Li Xue (theme Cancer development and immune defense) together with research engineers from the Netherlands eScience Center, has developed a new open source software package that ranks and scores protein-protein interfaces (PPIs) called iScore. The software package competes or even outperforms state-of-the-art protein scoring functions and could be generalized for a broad range of applications that involve the ranking of graphs. The software was announced in a recent paper in the journal Software X.
Interactions between proteins that lead to the formation of a three-dimensional (3D) complex is a crucial mechanism that underlies major biological activities in organisms ranging from immune defense system to enzyme catalysis. The 3D structure of such complexes provides fundamental insights on protein recognition mechanisms and protein functions.
The scoring problem
One way researchers in the field of molecular modeling try to predict the 3D structures of such complexes is by using computational docking, a tool that predicts the preferred orientation of one molecule to a second when bound to each other to form a stable complex. Despite its potential, however, a major drawback of computational docking is the scoring problem – the question on how to single out models that are likely to occur in real life experiment from the huge pool of generated docking models, in other words how to find a needle in a haystack.

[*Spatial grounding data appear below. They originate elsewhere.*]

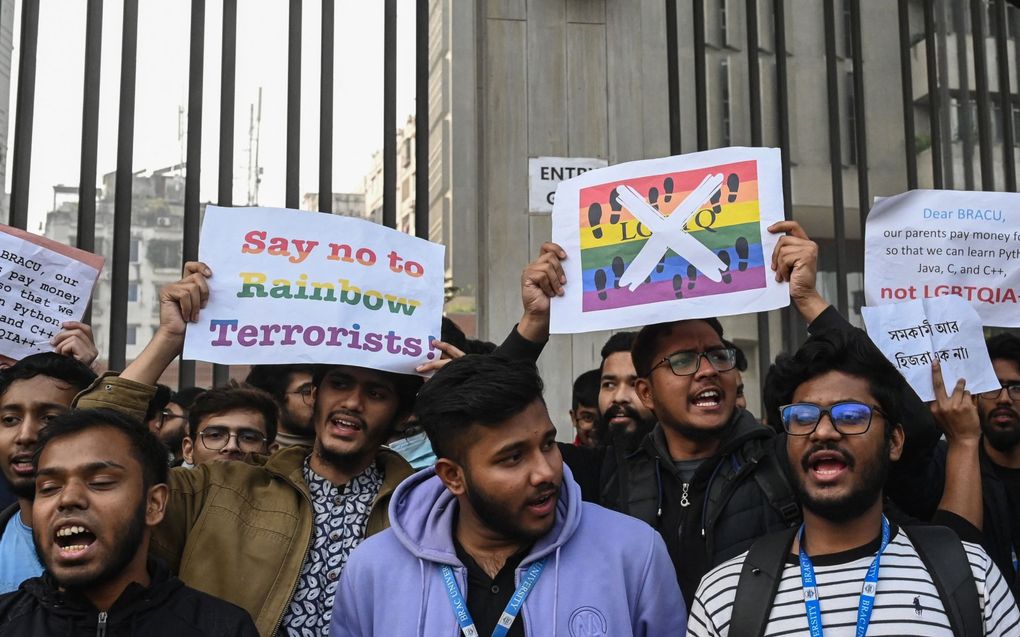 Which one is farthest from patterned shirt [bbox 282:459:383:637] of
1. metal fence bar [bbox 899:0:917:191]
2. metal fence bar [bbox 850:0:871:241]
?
metal fence bar [bbox 899:0:917:191]

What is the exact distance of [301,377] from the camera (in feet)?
14.9

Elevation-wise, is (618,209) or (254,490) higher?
(618,209)

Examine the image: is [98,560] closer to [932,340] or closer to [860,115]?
[932,340]

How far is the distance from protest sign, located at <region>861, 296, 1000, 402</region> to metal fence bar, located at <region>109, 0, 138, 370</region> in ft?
10.3

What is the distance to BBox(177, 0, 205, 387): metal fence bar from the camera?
17.5 feet

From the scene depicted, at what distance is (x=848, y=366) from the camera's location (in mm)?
Result: 3018

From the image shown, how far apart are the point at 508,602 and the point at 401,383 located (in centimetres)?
110

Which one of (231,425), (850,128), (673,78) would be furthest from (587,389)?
(850,128)

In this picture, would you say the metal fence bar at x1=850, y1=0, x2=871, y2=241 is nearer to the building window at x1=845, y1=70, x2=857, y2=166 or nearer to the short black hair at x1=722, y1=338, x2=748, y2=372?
the short black hair at x1=722, y1=338, x2=748, y2=372

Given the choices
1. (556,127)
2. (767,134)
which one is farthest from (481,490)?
(767,134)

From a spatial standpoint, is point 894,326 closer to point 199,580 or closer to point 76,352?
point 199,580

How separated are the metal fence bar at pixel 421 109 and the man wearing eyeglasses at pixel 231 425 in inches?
52.2

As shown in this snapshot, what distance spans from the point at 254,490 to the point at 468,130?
10.8m

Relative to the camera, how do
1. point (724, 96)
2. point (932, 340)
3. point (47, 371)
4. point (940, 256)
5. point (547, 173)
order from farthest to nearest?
point (724, 96), point (547, 173), point (940, 256), point (932, 340), point (47, 371) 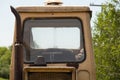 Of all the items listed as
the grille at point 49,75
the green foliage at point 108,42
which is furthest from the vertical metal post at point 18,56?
the green foliage at point 108,42

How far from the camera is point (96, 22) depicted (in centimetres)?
2458

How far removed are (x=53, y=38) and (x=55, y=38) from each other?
3cm

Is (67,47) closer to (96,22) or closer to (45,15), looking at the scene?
(45,15)

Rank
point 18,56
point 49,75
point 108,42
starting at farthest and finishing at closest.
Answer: point 108,42
point 49,75
point 18,56

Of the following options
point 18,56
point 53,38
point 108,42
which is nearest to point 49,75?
point 18,56

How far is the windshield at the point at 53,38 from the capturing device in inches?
242

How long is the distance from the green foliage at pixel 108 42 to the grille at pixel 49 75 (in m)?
13.5

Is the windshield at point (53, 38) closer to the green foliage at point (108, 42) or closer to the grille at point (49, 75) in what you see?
the grille at point (49, 75)

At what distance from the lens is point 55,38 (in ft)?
20.7

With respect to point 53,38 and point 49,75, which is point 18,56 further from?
point 53,38

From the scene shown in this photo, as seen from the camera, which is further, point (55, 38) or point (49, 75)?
point (55, 38)

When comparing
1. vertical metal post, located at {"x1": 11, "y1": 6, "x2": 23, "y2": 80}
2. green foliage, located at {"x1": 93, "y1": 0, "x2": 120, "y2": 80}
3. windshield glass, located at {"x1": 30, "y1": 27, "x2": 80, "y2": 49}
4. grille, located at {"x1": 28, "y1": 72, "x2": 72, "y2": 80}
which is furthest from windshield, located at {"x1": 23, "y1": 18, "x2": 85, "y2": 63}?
green foliage, located at {"x1": 93, "y1": 0, "x2": 120, "y2": 80}

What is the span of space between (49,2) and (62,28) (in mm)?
503

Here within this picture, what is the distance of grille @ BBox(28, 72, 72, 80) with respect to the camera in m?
5.58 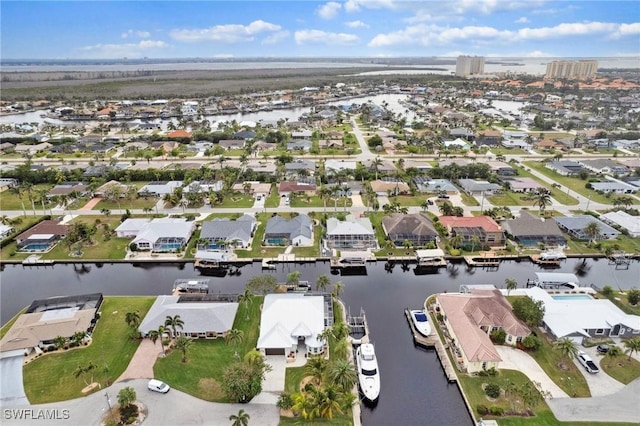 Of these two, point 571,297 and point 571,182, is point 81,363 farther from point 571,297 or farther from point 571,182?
point 571,182

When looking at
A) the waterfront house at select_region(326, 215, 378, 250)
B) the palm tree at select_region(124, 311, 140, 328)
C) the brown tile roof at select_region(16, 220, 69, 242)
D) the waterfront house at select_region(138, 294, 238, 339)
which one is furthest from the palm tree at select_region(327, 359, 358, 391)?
the brown tile roof at select_region(16, 220, 69, 242)

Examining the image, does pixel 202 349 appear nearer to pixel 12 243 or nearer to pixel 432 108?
pixel 12 243

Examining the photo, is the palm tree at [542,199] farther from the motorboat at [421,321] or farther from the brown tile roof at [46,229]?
the brown tile roof at [46,229]

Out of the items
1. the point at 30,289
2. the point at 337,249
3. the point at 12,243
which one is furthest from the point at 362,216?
the point at 12,243

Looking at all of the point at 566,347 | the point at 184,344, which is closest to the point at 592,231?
the point at 566,347

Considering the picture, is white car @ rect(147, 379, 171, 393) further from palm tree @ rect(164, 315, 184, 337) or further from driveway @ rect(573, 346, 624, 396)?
driveway @ rect(573, 346, 624, 396) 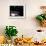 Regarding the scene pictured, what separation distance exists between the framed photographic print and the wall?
77 mm

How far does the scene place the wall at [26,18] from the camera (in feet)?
10.9

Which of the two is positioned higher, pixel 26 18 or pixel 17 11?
pixel 17 11

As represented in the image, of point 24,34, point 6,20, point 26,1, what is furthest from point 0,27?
point 26,1

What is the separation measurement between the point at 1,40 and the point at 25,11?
73 cm

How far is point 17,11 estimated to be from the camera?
3.37m

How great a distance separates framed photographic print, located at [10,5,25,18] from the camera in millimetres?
3350

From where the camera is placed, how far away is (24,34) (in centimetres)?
338

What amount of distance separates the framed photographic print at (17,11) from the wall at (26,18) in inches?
3.0

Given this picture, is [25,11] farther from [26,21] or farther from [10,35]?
[10,35]

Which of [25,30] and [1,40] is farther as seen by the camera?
[25,30]

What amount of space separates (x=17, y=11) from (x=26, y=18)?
22 centimetres

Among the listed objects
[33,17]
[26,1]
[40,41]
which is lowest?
[40,41]

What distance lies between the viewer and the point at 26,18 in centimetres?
337

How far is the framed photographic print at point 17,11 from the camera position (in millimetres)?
3350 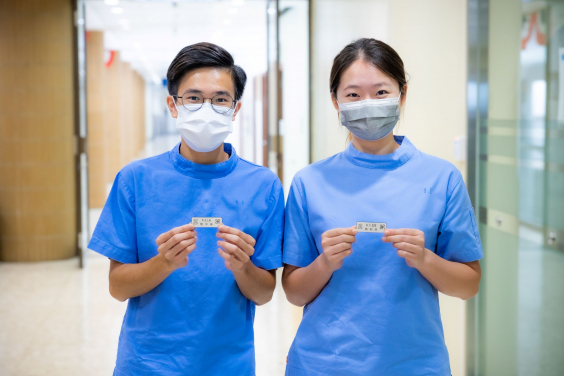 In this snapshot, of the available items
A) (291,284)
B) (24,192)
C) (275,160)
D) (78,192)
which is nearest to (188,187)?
(291,284)

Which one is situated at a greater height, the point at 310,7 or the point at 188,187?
the point at 310,7

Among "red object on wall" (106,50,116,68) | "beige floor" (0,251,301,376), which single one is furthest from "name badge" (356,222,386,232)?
"red object on wall" (106,50,116,68)

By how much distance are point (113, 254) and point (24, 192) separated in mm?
4955

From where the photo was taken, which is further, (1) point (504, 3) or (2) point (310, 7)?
(2) point (310, 7)

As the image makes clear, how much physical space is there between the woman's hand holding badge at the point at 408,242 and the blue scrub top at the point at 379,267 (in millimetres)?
85

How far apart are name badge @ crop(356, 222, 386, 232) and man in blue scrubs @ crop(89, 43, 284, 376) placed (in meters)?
0.24

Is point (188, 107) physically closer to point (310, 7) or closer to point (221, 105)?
point (221, 105)

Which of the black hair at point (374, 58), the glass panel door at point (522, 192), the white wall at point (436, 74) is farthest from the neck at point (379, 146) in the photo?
the white wall at point (436, 74)

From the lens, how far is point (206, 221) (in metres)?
1.24

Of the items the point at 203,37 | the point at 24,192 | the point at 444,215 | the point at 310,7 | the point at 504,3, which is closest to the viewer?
the point at 444,215

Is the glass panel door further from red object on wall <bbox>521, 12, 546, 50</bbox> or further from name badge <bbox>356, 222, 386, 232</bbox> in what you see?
name badge <bbox>356, 222, 386, 232</bbox>

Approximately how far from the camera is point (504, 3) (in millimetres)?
2414

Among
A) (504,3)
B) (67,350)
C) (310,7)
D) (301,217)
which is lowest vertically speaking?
(67,350)

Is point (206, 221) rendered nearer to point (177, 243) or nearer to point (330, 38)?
point (177, 243) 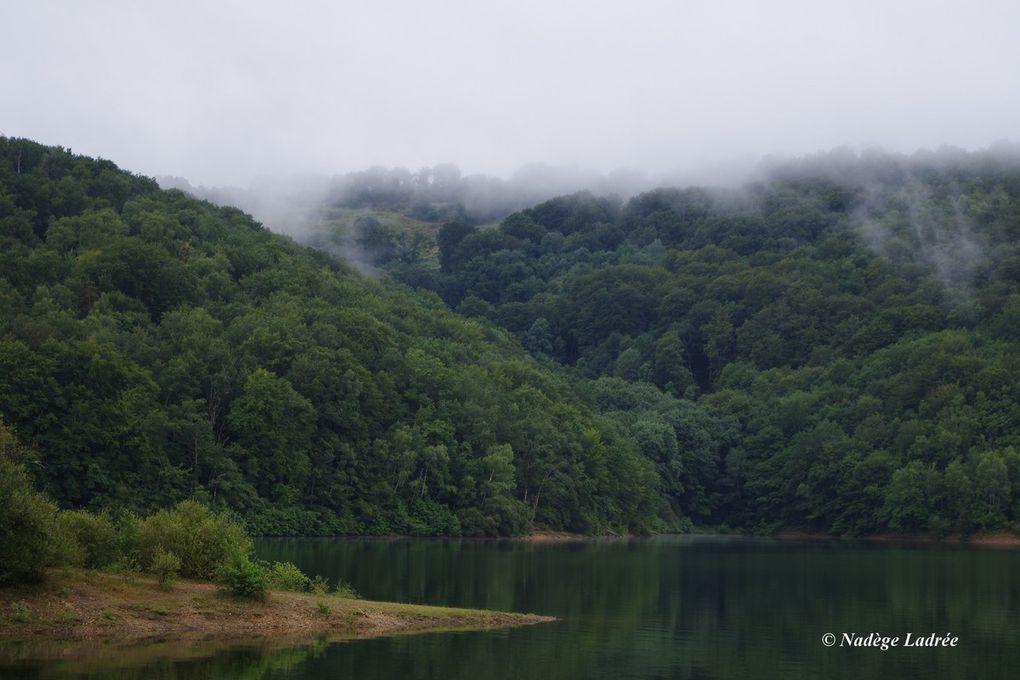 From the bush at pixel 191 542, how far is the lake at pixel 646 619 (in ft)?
23.7

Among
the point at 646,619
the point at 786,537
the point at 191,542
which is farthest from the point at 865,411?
the point at 191,542

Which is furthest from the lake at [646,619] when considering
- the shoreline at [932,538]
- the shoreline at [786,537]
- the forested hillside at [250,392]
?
the shoreline at [932,538]

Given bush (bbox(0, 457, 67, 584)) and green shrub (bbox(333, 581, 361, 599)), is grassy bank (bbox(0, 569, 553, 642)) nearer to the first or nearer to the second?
green shrub (bbox(333, 581, 361, 599))

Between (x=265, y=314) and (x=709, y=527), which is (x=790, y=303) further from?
(x=265, y=314)

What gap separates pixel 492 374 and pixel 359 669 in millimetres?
105812

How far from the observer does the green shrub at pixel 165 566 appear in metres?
42.3

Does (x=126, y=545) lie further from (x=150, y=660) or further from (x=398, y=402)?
(x=398, y=402)

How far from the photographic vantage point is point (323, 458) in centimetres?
10956

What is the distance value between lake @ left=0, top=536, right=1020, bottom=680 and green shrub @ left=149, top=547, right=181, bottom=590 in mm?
6429

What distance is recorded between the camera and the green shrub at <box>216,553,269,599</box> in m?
42.1

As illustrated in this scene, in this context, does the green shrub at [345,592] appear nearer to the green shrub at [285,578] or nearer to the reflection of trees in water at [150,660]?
the green shrub at [285,578]

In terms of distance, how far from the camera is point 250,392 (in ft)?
343

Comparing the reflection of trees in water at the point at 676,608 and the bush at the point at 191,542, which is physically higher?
the bush at the point at 191,542

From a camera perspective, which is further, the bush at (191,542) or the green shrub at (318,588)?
the green shrub at (318,588) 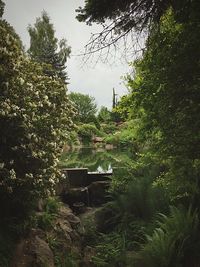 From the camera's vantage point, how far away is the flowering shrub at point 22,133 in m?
5.29

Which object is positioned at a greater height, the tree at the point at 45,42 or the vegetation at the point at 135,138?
the tree at the point at 45,42

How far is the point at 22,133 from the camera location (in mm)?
5469

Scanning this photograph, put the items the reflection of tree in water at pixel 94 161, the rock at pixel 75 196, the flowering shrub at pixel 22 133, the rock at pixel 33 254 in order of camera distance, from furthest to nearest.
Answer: the reflection of tree in water at pixel 94 161, the rock at pixel 75 196, the flowering shrub at pixel 22 133, the rock at pixel 33 254

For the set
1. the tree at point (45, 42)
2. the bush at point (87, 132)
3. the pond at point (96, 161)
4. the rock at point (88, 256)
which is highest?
the tree at point (45, 42)

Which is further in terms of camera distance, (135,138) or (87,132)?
(87,132)

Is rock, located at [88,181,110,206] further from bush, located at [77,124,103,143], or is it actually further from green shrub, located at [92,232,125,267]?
bush, located at [77,124,103,143]

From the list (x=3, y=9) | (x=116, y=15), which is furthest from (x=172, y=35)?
(x=3, y=9)

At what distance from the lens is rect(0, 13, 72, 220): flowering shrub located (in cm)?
529

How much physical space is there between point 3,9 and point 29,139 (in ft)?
9.59

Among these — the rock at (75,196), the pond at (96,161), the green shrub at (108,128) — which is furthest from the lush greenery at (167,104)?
the green shrub at (108,128)

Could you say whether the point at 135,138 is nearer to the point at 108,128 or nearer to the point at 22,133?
the point at 22,133

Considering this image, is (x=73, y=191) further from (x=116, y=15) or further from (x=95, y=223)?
(x=116, y=15)

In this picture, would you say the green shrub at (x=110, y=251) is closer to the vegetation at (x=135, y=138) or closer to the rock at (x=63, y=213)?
the vegetation at (x=135, y=138)

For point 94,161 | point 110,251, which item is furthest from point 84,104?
point 110,251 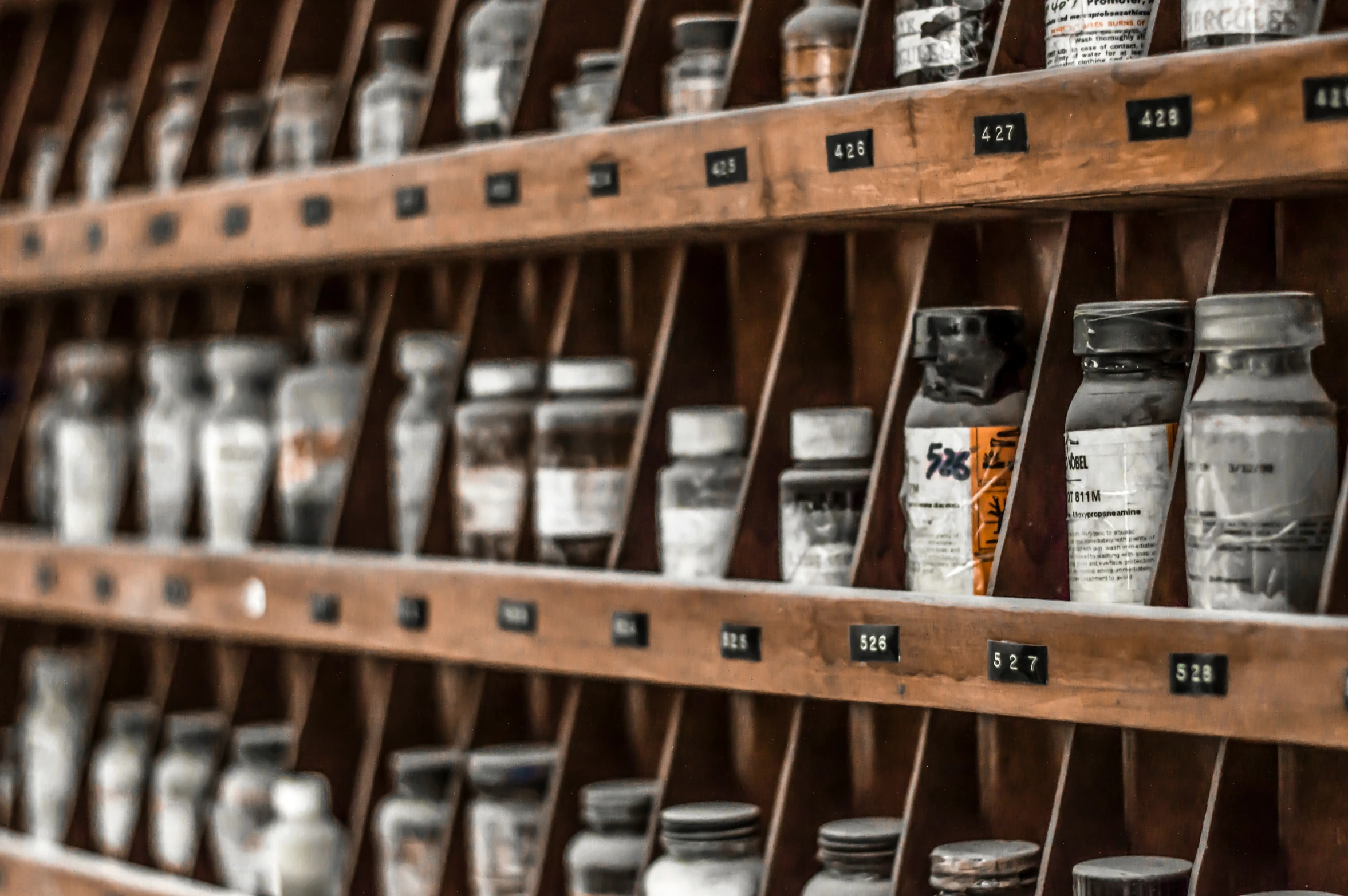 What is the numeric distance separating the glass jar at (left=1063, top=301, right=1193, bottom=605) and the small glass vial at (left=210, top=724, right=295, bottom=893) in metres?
1.04

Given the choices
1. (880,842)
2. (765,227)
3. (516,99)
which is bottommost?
(880,842)

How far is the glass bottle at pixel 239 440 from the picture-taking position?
2.03 meters

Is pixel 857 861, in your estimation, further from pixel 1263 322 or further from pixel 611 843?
pixel 1263 322

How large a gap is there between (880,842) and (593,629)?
305mm

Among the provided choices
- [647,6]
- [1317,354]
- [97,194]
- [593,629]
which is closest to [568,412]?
[593,629]

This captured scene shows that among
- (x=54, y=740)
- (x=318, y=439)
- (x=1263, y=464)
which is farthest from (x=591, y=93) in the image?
(x=54, y=740)

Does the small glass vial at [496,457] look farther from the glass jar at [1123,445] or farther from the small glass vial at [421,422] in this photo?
the glass jar at [1123,445]

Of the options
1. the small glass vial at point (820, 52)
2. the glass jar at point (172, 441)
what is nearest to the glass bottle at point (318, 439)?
the glass jar at point (172, 441)

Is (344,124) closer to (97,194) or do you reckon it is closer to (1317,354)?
(97,194)

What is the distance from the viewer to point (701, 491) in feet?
5.09

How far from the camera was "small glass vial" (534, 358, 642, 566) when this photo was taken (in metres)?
1.65

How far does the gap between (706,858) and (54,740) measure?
3.71 ft

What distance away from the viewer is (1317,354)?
126cm

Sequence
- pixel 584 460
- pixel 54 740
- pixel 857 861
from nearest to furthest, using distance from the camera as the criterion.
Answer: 1. pixel 857 861
2. pixel 584 460
3. pixel 54 740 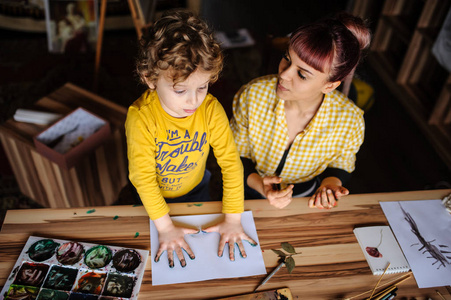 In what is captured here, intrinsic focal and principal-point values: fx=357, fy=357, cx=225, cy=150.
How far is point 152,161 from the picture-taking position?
3.24 feet

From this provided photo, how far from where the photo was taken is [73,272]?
2.87 feet

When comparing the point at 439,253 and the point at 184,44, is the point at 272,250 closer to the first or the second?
the point at 439,253

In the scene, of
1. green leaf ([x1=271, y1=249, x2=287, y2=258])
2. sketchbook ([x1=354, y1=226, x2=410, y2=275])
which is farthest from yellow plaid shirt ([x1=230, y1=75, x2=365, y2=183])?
green leaf ([x1=271, y1=249, x2=287, y2=258])

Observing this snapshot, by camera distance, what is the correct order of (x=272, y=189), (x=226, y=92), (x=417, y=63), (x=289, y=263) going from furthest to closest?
(x=417, y=63)
(x=226, y=92)
(x=272, y=189)
(x=289, y=263)

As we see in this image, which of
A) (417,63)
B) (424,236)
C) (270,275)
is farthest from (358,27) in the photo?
(417,63)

‘The scoring problem has been a highly challenging task for decades’, says Dr Nicolas Renaud, eScience Research Coordinator and member of the project team. ‘Over the years, many methods have been developed to overcome this problem. These can largely be grouped into five types: shape complementarity-based methods, physical energy-based methods, statistical potential-based methods, machine learning-based methods and coevolution-based methods. These different scoring approaches are regularly benchmarked against each other during a community-wide challenge: the Critical Assessment of Prediction of Interactions (CAPRI).’